Clément Viktorovitch vs Julie Graziani : la pensée en berne

par Benoît Delol
samedi 9 novembre 2019

Au lendemain de l’intervention controversée de Julie Graziani sur LCI, Clément Viktorovitch en a livré une analyse sur Canal+. Sa chronique a été abondamment partagée sur Facebook (1). Elle ne contribue pourtant pas à élever le débat.

Clément Viktorovitch sur le plateau de Clique, le 5 novembre 2019 (capture écran de Canal+).

Est-il possible de produire une réflexion de qualité en commentant une ânerie ? Mardi dernier, le politologue et enseignant Clément Viktorovitch s’est essayé à l’exercice en consacrant sa chronique (2) aux propos de l’éditorialiste Julie Graziani, auteur du désormais célèbre conseil de gestion domestique : « si on est au smic, il ne faut peut-être pas divorcer » (3). Le résultat est peu convaincant.
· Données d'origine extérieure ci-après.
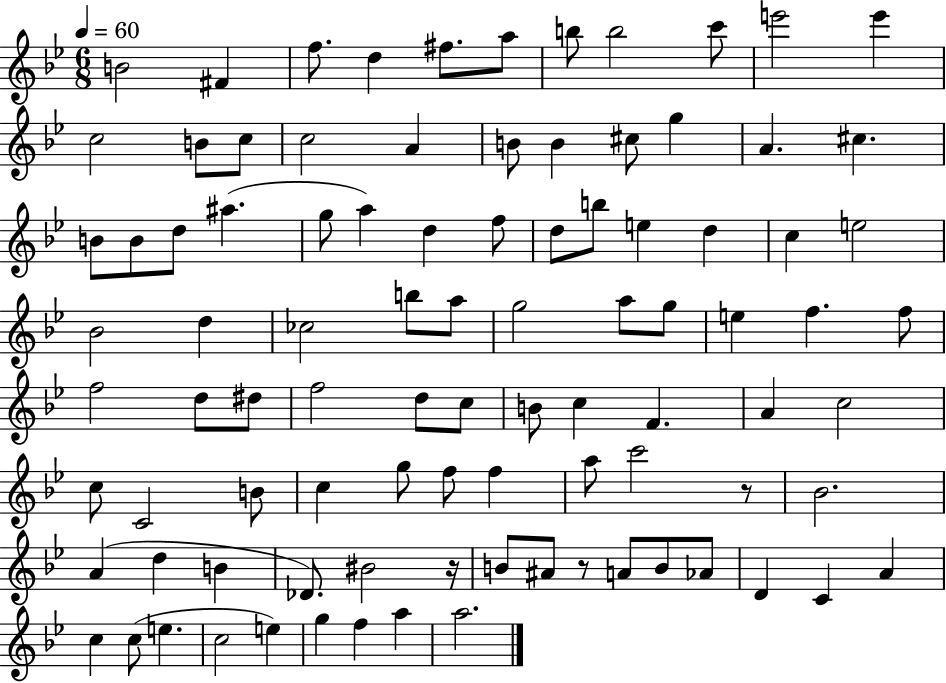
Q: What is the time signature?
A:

Cédant à la facilité, esquivant les sujets de fond, flirtant avec la niaiserie, le chroniqueur parvient même à emprunter à son sujet d’étude certains de ses travers.

Ainsi, c’est avec une pointe de mépris que Viktorovitch débute sa chronique, évoquant « le personnage » Julie Graziani, « découverte aujourd’hui ». Une attitude surprenante quand on sait que l’un des premiers reproches adressés à Graziani est de s’être montrée humiliante. Il va ensuite chercher à la déconsidérer en mentionnant ses relations (elle travaille pour le magazine LIncorrect, « fondé par des proches de Marion Maréchal-Le Pen ») et certaines de ses prises de positions (contre l’avortement, l’euthanasie et le droit de grève dans la fonction publique).
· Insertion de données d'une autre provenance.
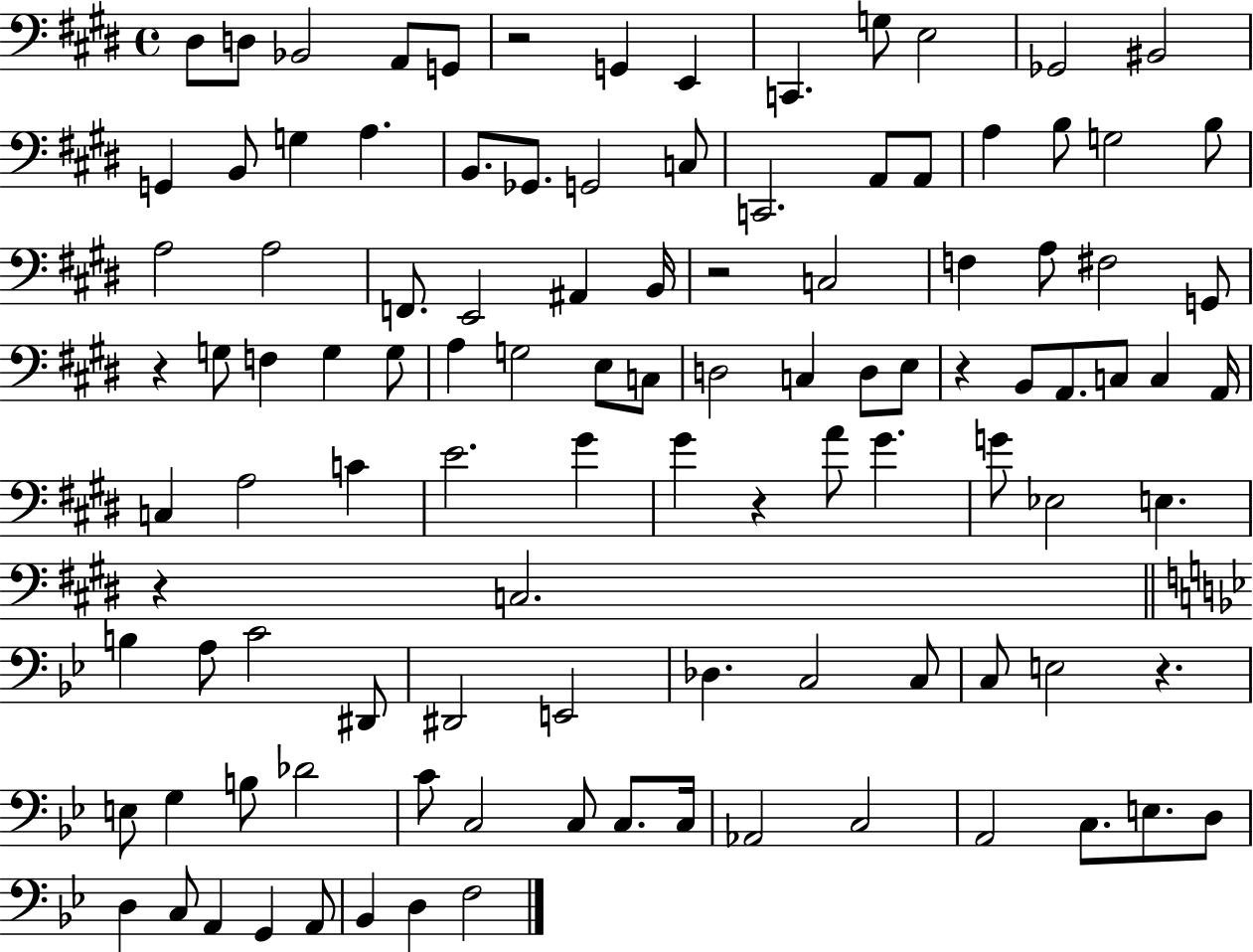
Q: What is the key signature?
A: E major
Comme cela n’est tout de même pas suffisant pour conclure, le chroniqueur en arrive aux propos de sa consœur. Afin que chacun puisse se faire une idée, il propose un extrait de l’émission de LCI. Mais cette vidéo ne montre que l’échange paisible d’une rouennaise avec Emmanuel Macron, le 30 octobre dernier, sur le thème du pouvoir d’achat, suivi du commentaire de Graziani. Or, la vigueur de cette dernière s’explique en partie par sa réaction aux propos d’une autre femme qui, apostrophant le président de la République, explique notamment : « Je suis mère de famille, j’ai cinq enfants, je suis obligée de travailler. J’ai que deux cent balles à la fin du mois, c’est pas normal ! » Pourquoi Viktorovitch n’a-t-il pas retenu ce passage ? Parce qu’une seule de ces deux personnes est capable de tenir le rôle de la gentille pauvre face à la méchante éditorialiste. Et tant pis pour l’impartialité du montage.
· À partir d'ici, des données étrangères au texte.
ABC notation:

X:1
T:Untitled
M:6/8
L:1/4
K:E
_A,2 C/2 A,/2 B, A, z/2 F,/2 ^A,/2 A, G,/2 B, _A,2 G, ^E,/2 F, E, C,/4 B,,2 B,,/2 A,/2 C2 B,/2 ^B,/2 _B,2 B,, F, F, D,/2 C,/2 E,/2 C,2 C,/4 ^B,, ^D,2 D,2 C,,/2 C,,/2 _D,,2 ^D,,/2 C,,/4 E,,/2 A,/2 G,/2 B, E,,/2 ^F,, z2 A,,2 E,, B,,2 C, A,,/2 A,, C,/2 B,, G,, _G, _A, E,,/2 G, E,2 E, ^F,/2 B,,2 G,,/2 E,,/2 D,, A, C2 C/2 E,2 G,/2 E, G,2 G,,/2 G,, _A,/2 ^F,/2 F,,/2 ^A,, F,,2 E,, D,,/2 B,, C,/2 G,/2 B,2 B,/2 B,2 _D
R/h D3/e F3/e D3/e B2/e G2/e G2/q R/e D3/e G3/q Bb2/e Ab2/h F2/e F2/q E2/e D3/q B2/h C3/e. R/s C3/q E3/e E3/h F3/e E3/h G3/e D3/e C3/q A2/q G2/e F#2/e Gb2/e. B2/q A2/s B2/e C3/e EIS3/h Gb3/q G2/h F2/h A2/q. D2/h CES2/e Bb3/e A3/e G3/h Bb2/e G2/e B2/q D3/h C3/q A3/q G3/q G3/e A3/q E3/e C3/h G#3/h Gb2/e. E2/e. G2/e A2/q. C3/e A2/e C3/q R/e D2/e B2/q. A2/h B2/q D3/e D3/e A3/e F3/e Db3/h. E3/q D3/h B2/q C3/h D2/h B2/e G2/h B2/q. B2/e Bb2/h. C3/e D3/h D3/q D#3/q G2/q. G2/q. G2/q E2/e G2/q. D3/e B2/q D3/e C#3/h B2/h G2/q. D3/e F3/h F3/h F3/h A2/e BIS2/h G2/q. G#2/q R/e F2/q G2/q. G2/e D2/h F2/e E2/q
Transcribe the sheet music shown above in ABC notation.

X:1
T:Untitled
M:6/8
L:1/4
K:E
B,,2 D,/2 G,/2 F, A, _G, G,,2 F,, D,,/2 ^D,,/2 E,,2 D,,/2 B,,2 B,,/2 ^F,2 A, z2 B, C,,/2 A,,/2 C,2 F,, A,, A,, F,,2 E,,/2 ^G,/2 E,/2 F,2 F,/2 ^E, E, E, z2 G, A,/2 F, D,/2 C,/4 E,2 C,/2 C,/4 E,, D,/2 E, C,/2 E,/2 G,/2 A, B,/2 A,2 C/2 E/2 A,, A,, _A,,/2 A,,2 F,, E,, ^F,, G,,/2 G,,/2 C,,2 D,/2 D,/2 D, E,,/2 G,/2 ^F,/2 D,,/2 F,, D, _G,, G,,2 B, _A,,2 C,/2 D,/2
Le chroniqueur analyse ensuite la pensée de Graziani : « Le fond de son argumentation est clair : les individus sont intégralement responsables de leur sort (…). C’est une idéologie radicalement libérale. » Ici, rien à redire. On attend juste une prochaine chronique nous expliquant que les rédacteurs de L’Humanité sont radicalement communistes.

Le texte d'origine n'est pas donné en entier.